Con chiarezza e franchezza evangeliche suor Martha chiede a Papa Leone di fare quello che proprio lui dovrebbe saper fare meglio di altri in quanto, come avvocato canonista, «sa quanto l’intero “apparato” della Chiesa cattolica non sia semplicemente dovuto alla “legge divina”, ma sia cresciuto storicamente, sia stato plasmato dal contesto e dalla rispettiva situazione culturale; e quanto quindi possa anche essere cambiatoe.

Suor Martha, dal canto suo, non pretende per se stessa l’accesso al ministero ordinato, ma anche per lei, come per molte altre, all’origine della sua vocazione c’è stata «l’evidente, forse ingenua fiducia che sarebbe stata solo questione di pochi anni prima di trovare una fraternità completa nella Chiesa; una Chiesa in cui non ci sarebbero più state gerarchie basate sul genere». E oggi, a cinquant’anni di distanza da quanto il concilio Vaticano II aveva fatto sperare come «evidente», lei e le molte altre sono costrette invece a constatare come «il vero scandalo» sia che «la rappresentazione di Gesù sia ancora messa in scena come un privilegio maschile».

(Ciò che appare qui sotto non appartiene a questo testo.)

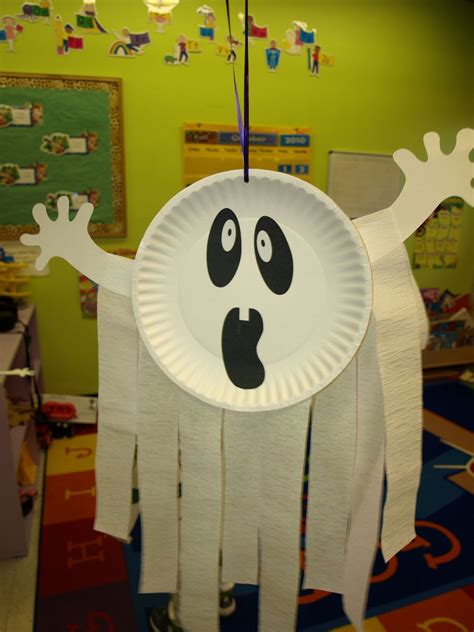 Halloween Crafts Of Funny Ghost (con immagini) | Artigianato di ...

Parole nette e proprio per questo coraggiose, rese forti dalla consapevolezza che le donne nella Chiesa non possono né devono più tacere se non vogliono rendersi colpevoli di contribuire «a sfigurare il volto di Gesù nella Chiesa». Parole radicate nella coscienza di genere che molte donne cattoliche hanno maturato in questi anni e che le porta a rifiutare di continuare a essere «ben educate e conformiste che fanno funzionare il sistema».